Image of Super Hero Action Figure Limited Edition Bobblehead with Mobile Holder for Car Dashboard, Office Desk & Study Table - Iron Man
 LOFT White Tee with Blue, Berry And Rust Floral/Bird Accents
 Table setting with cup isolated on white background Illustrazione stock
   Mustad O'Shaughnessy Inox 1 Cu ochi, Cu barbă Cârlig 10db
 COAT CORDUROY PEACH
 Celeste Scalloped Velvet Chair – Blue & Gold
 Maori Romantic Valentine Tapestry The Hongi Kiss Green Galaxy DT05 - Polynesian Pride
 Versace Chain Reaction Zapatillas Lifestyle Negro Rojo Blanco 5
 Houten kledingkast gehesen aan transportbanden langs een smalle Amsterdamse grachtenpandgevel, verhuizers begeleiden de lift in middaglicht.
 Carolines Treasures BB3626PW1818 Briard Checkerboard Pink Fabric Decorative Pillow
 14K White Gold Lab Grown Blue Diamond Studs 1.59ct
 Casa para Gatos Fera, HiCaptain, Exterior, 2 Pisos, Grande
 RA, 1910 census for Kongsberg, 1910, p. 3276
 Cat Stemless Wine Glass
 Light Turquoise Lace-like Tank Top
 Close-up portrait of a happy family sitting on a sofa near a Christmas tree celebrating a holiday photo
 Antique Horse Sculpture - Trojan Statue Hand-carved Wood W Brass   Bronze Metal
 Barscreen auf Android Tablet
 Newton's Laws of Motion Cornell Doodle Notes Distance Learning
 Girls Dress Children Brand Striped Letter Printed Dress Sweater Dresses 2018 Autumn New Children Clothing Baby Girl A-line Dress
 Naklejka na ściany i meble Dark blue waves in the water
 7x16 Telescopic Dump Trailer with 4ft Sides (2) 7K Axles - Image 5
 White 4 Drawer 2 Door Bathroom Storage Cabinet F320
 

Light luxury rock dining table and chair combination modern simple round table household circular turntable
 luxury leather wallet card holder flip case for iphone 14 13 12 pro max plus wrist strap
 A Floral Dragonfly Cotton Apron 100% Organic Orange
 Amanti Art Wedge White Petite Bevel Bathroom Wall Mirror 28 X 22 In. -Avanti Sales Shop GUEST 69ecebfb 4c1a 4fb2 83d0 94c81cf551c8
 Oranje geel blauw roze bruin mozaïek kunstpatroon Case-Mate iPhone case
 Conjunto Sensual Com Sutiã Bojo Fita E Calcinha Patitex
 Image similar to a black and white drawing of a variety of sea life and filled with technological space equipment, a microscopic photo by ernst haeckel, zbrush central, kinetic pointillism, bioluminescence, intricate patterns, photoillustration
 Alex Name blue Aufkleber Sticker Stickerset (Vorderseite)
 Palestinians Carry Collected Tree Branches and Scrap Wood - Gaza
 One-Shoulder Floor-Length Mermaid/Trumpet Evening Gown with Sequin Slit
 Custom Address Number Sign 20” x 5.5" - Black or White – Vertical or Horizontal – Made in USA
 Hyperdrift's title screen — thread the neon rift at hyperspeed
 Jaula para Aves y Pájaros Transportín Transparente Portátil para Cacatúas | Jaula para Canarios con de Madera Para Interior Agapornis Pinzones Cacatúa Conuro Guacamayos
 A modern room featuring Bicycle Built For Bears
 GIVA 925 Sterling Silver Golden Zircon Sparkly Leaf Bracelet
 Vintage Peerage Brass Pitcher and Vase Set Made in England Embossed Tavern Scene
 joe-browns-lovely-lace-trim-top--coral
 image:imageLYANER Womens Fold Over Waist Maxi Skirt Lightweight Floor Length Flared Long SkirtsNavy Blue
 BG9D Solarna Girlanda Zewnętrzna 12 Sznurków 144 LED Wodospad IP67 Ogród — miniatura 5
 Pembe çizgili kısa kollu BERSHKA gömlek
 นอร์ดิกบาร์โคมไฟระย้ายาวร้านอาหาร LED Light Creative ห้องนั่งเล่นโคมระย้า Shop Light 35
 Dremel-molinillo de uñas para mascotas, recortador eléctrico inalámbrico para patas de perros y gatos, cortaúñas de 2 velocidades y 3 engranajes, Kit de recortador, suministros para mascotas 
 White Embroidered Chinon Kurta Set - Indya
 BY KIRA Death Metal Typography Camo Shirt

----

PROBLEM ▸
All of the data above should be output exactly.

RESPONSE AREA ▸
Image of Super Hero Action Figure Limited Edition Bobblehead with Mobile Holder for Car Dashboard, Office Desk & Study Table - Iron Man
 LOFT White Tee with Blue, Berry And Rust Floral/Bird Accents
 Table setting with cup isolated on white background Illustrazione stock
   Mustad O'Shaughnessy Inox 1 Cu ochi, Cu barbă Cârlig 10db
 COAT CORDUROY PEACH
 Celeste Scalloped Velvet Chair – Blue & Gold
 Maori Romantic Valentine Tapestry The Hongi Kiss Green Galaxy DT05 - Polynesian Pride
 Versace Chain Reaction Zapatillas Lifestyle Negro Rojo Blanco 5
 Houten kledingkast gehesen aan transportbanden langs een smalle Amsterdamse grachtenpandgevel, verhuizers begeleiden de lift in middaglicht.
 Carolines Treasures BB3626PW1818 Briard Checkerboard Pink Fabric Decorative Pillow
 14K White Gold Lab Grown Blue Diamond Studs 1.59ct
 Casa para Gatos Fera, HiCaptain, Exterior, 2 Pisos, Grande
 RA, 1910 census for Kongsberg, 1910, p. 3276
 Cat Stemless Wine Glass
 Light Turquoise Lace-like Tank Top
 Close-up portrait of a happy family sitting on a sofa near a Christmas tree celebrating a holiday photo
 Antique Horse Sculpture - Trojan Statue Hand-carved Wood W Brass   Bronze Metal
 Barscreen auf Android Tablet
 Newton's Laws of Motion Cornell Doodle Notes Distance Learning
 Girls Dress Children Brand Striped Letter Printed Dress Sweater Dresses 2018 Autumn New Children Clothing Baby Girl A-line Dress
 Naklejka na ściany i meble Dark blue waves in the water
 7x16 Telescopic Dump Trailer with 4ft Sides (2) 7K Axles - Image 5
 White 4 Drawer 2 Door Bathroom Storage Cabinet F320
 

Light luxury rock dining table and chair combination modern simple round table household circular turntable
 luxury leather wallet card holder flip case for iphone 14 13 12 pro max plus wrist strap
 A Floral Dragonfly Cotton Apron 100% Organic Orange
 Amanti Art Wedge White Petite Bevel Bathroom Wall Mirror 28 X 22 In. -Avanti Sales Shop GUEST 69ecebfb 4c1a 4fb2 83d0 94c81cf551c8
 Oranje geel blauw roze bruin mozaïek kunstpatroon Case-Mate iPhone case
 Conjunto Sensual Com Sutiã Bojo Fita E Calcinha Patitex
 Image similar to a black and white drawing of a variety of sea life and filled with technological space equipment, a microscopic photo by ernst haeckel, zbrush central, kinetic pointillism, bioluminescence, intricate patterns, photoillustration
 Alex Name blue Aufkleber Sticker Stickerset (Vorderseite)
 Palestinians Carry Collected Tree Branches and Scrap Wood - Gaza
 One-Shoulder Floor-Length Mermaid/Trumpet Evening Gown with Sequin Slit
 Custom Address Number Sign 20” x 5.5" - Black or White – Vertical or Horizontal – Made in USA
 Hyperdrift's title screen — thread the neon rift at hyperspeed
 Jaula para Aves y Pájaros Transportín Transparente Portátil para Cacatúas | Jaula para Canarios con de Madera Para Interior Agapornis Pinzones Cacatúa Conuro Guacamayos
 A modern room featuring Bicycle Built For Bears
 GIVA 925 Sterling Silver Golden Zircon Sparkly Leaf Bracelet
 Vintage Peerage Brass Pitcher and Vase Set Made in England Embossed Tavern Scene
 joe-browns-lovely-lace-trim-top--coral
 image:imageLYANER Womens Fold Over Waist Maxi Skirt Lightweight Floor Length Flared Long SkirtsNavy Blue
 BG9D Solarna Girlanda Zewnętrzna 12 Sznurków 144 LED Wodospad IP67 Ogród — miniatura 5
 Pembe çizgili kısa kollu BERSHKA gömlek
 นอร์ดิกบาร์โคมไฟระย้ายาวร้านอาหาร LED Light Creative ห้องนั่งเล่นโคมระย้า Shop Light 35
 Dremel-molinillo de uñas para mascotas, recortador eléctrico inalámbrico para patas de perros y gatos, cortaúñas de 2 velocidades y 3 engranajes, Kit de recortador, suministros para mascotas 
 White Embroidered Chinon Kurta Set - Indya
 BY KIRA Death Metal Typography Camo Shirt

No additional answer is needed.